John Hawkins: If you think so, cool. But the Pal leadership has zero and I mean zero interest in doing anything like this.

Israeli: It must have some effect, if even just to kick the leaders into starting to work on the real thing 🙂 Anyway, just trying to be a bit optimistic here 🙂

John Hawkins: It’s a waste of time working on the real thing until conditions change with the Palestinians. Until Arafat is gone and they start fighting terrorism, no plan is going to matter. It’s not the plan, it’s that there are too many Pals who don’t want Israel to exist. There have been like a bazillion new plans and everyone gets excited about them and they never accomplish anything because the basic underlying reality never changes.

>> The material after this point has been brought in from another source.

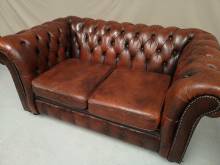 se faire livrer canapé chesterfield cuir marron authentique près de Lyon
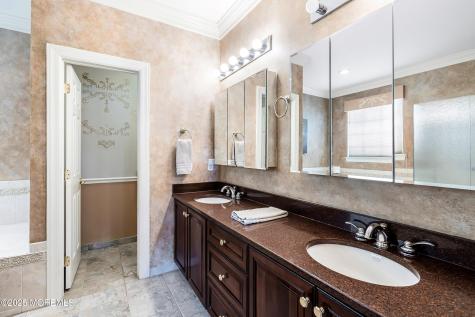38 Tania Court Monroe NJ 08831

Israeli: Although that makes sense, what is your suggestion, that we just sit tight and wait for it to happen, while they slaughter our people and we do theirs?

Here are most of the possibilities that are open to the Israelis…

1) They can kill all the Palestinians. That’s not morally acceptable to me, the overwhelming majority of Israelis, or to much of anyone else.

2) The Israelis can respond with excessive and overwhelming force to every attack, killing hundreds of Palestinians for every Israeli killed in an attack. Again, That’s not morally acceptable to me, the overwhelming majority of Israelis, or to much of anyone else.

3) They can transfer all the Palestinians. In my opinion, this is the only solution to the problem that provides any “short term” hope of success. However, it would be universally condemned, the Israelis don’t have the popular support to do it…yet, and it could lead to a regional war.

4) The Israelis can agree to all Palestinian demands and give the Pals a State. This would lead to genocide as Israelis were demographically swamped with hostile Palestinians.

5) The US or UN can move troops into the area to act as a buffer between the Palestinians and Israelis. This would help the Palestinians who could sneak terrorists into Israel while Israel couldn’t retaliate properly because the peace keepers would be in the way. Incessant terrorist attacks would probably lead to the peacekeepers being eventually withdrawn, leaving the situation as it was before.

6) The US and the Europe could team up to force Israel to give the Palestinians a State. However, this would accomplish nothing because Hamas, Islamic Jihad, and other terrorist groups that are determined to drive the Israelis out of the Middle-East would keep on attacking and Israel would be forced to respond just as they’re doing now. The Palestinian “State” would be in name only.

7) The Israelis can AGAIN ease up on the Palestinians and attempt to negotiate the creation of a Palestinian State. This will fail because groups like Hamas and Islamic Jihad will kill Israelis at every opportunity to stop a peace that would surely require — at least on paper — them to disband. Even if they were to somehow succeed and come an agreement, since the Palestinians refuse to disarm the terrorist groups, the Israelis will have gained nothing by giving the Palestinians a State.

8) The Israelis can simply abandon the undefendable settlements, wall off the Palestinians at a border of their choosing, and leave the Palestinians with a de facto state. This wouldn’t work because if the Israelis completely pulled out of the territories, the Palestinian terrorist groups would rearm and find a way to get back into Israel or alternately would just launch rockets over the walls. That would require the Israelis to go back in again, bringing them back to square 1.

9) The Israelis can simply keep doing what they doing until Arafat is gone and the Palestinians crack down on terrorism. This will continue to increase resentment, and will likely mean we’ll go years without any progress, although terrorist attacks should be limited. The danger here is that if you go long enough, the Palestinians will get their hands on dirty bombs, biological, or nuclear weapons and end up slaughtering massive numbers of Israelis at some point.

I’m sure there are probably other solutions that people could come up with, but none of them are going to be any better than what is being offered here. The sad truth is that we’re probably AT LEAST a full decade away from peace in the Middle-East, if not longer. I am an optimistic person, but I see little reason for optimism in this situation, and absolutely no reason to be optimistic about the Geneva Accords.